#### Your instructions:
Of the records that follow, copy only the lines from the line containing "新品 キーエンス KEYENCE KV-LE21V" to the line containing "廣州哪里有包子培訓(xùn)", both included, exactly as written.

#### Dataset excerpts:
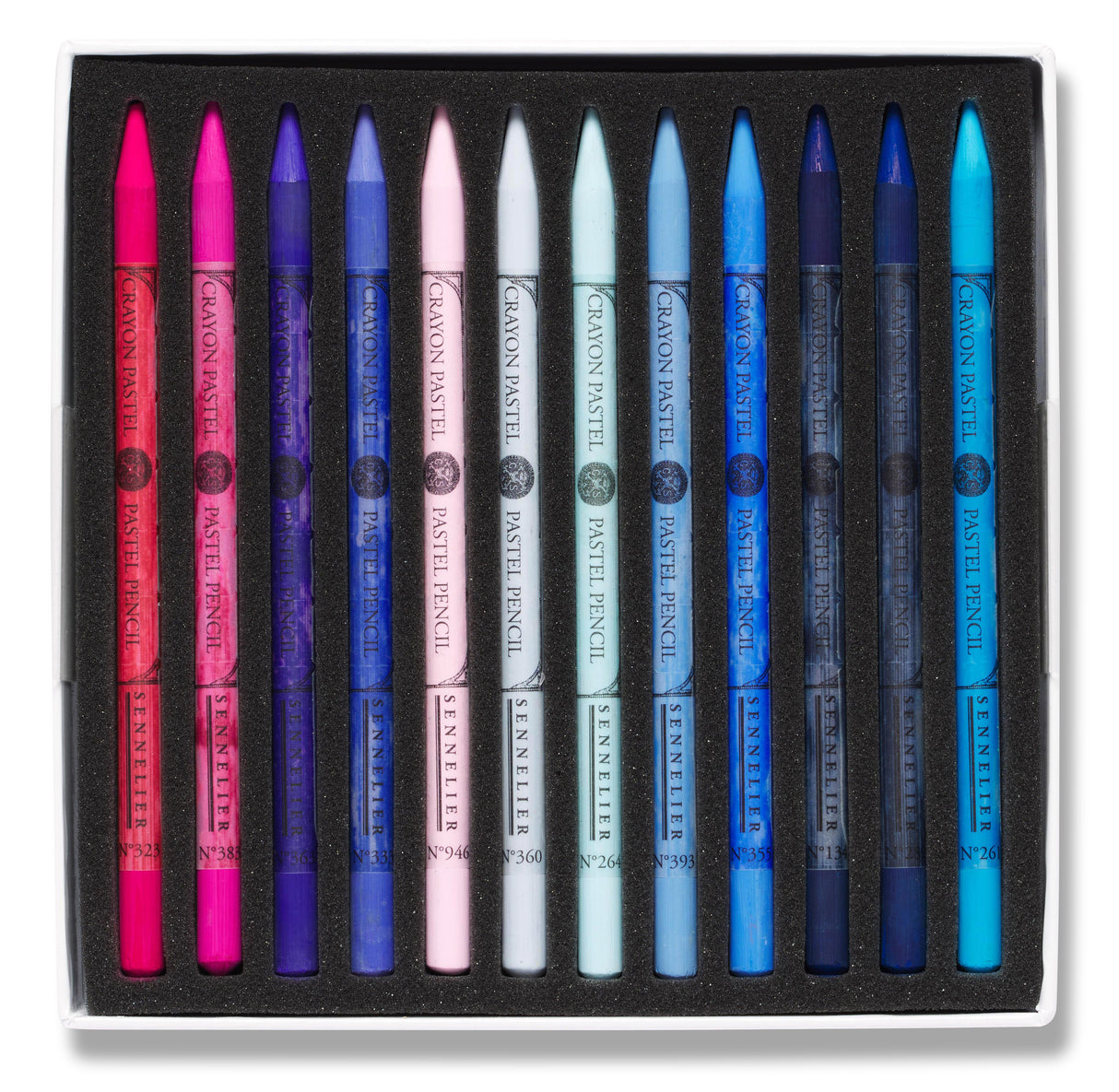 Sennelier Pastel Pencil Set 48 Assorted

---

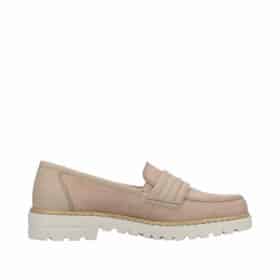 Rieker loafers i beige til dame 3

--

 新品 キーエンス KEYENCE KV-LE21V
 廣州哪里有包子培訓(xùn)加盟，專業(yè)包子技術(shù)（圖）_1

#### Output for this exercise:
 新品 キーエンス KEYENCE KV-LE21V
 廣州哪里有包子培訓(xùn)加盟，專業(yè)包子技術(shù)（圖）_1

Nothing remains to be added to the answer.